■ TASK REQUIREMENTS ■
In the entries below, find the line containing "Supporting image for", then copy it and every later line exactly, ending with the last line.

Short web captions
━━━━━━━━━━
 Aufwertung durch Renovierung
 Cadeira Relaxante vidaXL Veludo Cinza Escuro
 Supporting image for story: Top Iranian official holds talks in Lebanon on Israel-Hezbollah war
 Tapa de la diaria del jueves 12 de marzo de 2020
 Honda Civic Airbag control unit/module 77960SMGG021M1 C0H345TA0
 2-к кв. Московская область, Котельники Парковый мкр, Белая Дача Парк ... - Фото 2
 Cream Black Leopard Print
━━━━━━━━━━
■ ANSWER BOX ■
 Supporting image for story: Top Iranian official holds talks in Lebanon on Israel-Hezbollah war
 Tapa de la diaria del jueves 12 de marzo de 2020
 Honda Civic Airbag control unit/module 77960SMGG021M1 C0H345TA0
 2-к кв. Московская область, Котельники Парковый мкр, Белая Дача Парк ... - Фото 2
 Cream Black Leopard Print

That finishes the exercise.